I was hoping it wouldn’t take long because I was invited to the girl next door's house at 5:30. I was so excited because she and I were finally going to watch some television alone. I thought I could speed up our bet by calling the shop to find out if they were open or closed, but nobody answered the phone. I was convinced that they were closed. Not telling Jamie that I called, I rode over to his place to pick him up. I told him if the store is closed we would turn around and come right back; he agreed. I also told him that I was going to Cindy's house and how I didn’t want anything to mess it up: she hardly ever had the house to herself. Someone was always there. Jamie said, "Let’s go then”.
He made it there in a land speed record time just to find the shop was closed for the evening. By the time I made it there, I laughed and laughed at him. He got off his bike for a little rest, and he leaned his bike up against the store front window to wipe his sweaty hands off. Because I listened to what Cindy said and didn’t ride like I was on fire, I didn't need to rest. Hope you heard that Cindy, I listened.
As we were preparing to ride back the train went by a block away. It must have sent vibrations out because it shook Jamie's bike so hard that the store front window shattered from the metal handlebar being against the window. We didn't have time to think about what to do, because out of nowhere the shop owner pulled up in his van. Jamie hopped on his bike pointing downhill, I was pointing up towards my Mom's work, which was two blocks away.
The van roared its engine 2-3 times, as if he was trying to scare us away. He didn't try talking to us or anything. Jamie took off like a rocket downhill. Without thinking, I just took off too, taking on the hill upwards. My adrenaline was pumping so hard that I could feel it throbbing in my ears. My 185mm crank set and my enlarged front sprocket allowed me to manual ¾ up the hill. The van chose to follow me.
I tried to use my crazy maneuvering techniques to escape that van. It was getting too tough to get up that hill, so I decided to turn around and go down the hill. As I was peddling down the steep hill, with gravity on my side, I found myself peddling for my life. I franticly made a wrong turn and found myself going up another steep hill. By this time, I was getting tired and my legs wouldn’t move as fast as I wanted them to. Suddenly, my rear wheel was nudged. I couldn't believe that the fool could keep up with my extreme peddling and power turns. By the time those thoughts were finished running though my head, he hit my back bike tire again. I was catapulted into the back of a large parked car, hitting the bumper and the back of the car with my head very hard.
All I could see was a really bright light, it engulfed everything. I couldn't move it felt like I was not even in my own body. I could hear the van stopping and him getting out. I could sense him around me. Then it felt like I was flying. He rolled me over to take my wallet, to find out who I was, then he was gone; he probably went to report the situation and just let the ambulance take care of the clean-up. All of this seemed like it took forever, but it was only a matter of seconds. Still to this day, I never got my wallet back. It baffles me as to why he felt the need to steal my wallet. Maybe he was a serial killer and wanted a trophy to remember this event.

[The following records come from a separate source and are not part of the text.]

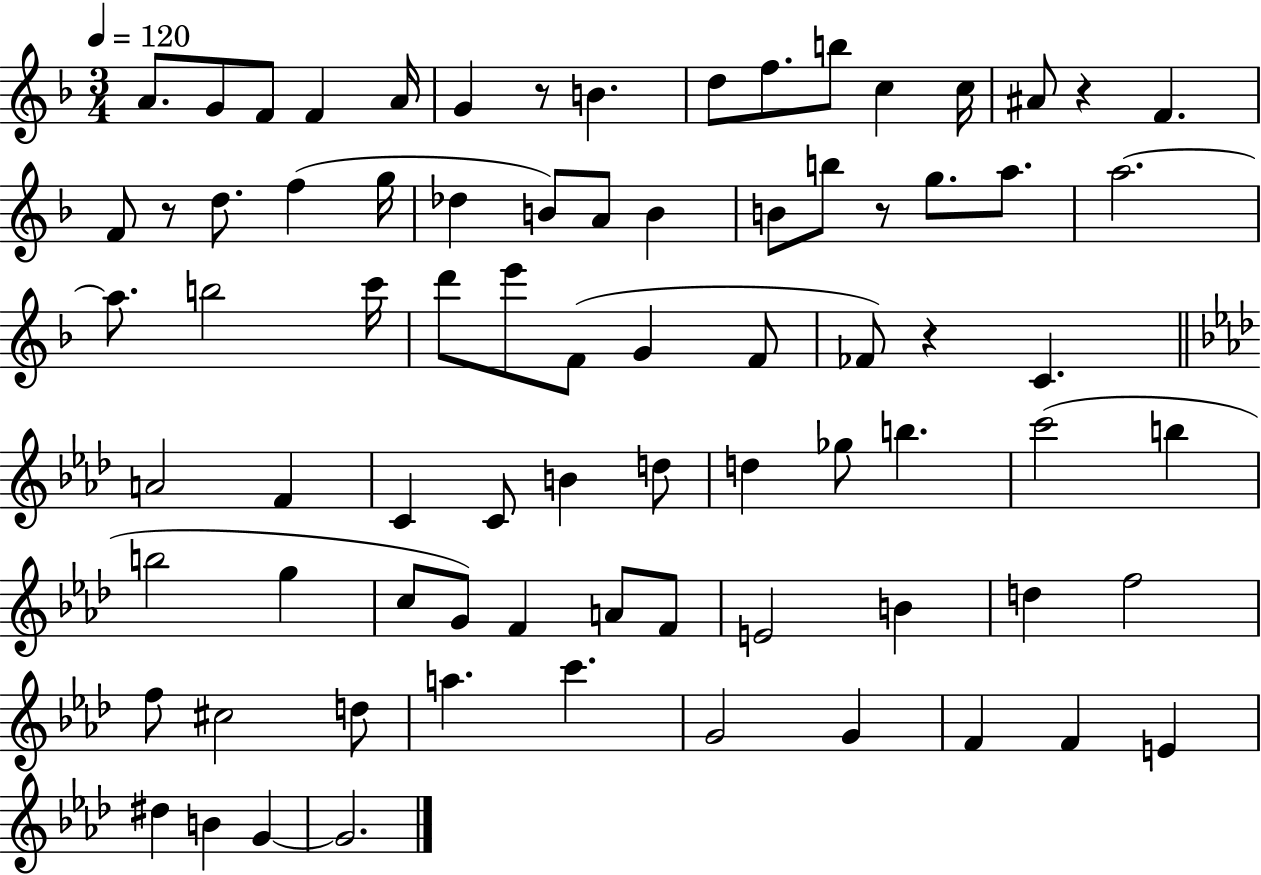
X:1
T:Untitled
M:3/4
L:1/4
K:F
A/2 G/2 F/2 F A/4 G z/2 B d/2 f/2 b/2 c c/4 ^A/2 z F F/2 z/2 d/2 f g/4 _d B/2 A/2 B B/2 b/2 z/2 g/2 a/2 a2 a/2 b2 c'/4 d'/2 e'/2 F/2 G F/2 _F/2 z C A2 F C C/2 B d/2 d _g/2 b c'2 b b2 g c/2 G/2 F A/2 F/2 E2 B d f2 f/2 ^c2 d/2 a c' G2 G F F E ^d B G G2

I felt so alone; it seemed like it took forever for the ambulance to get there. I vaguely remember the ambulance drivers picking up my limp body from the cold cement. That night the Nanaimo hospital was full and staff redirected me to a hospital in Victoria that was also better equipped to handle my injury. My Mom said it was a little blessing in disguise. The hospital is farther but I’m sure I could handle the drive. The drivers sounded pretty cool, laughing with each other saying that they hit 210 coming down off the hill. We were going so fast it felt like we were airborne. If I had been more conscious, I could have enjoyed the ride much better.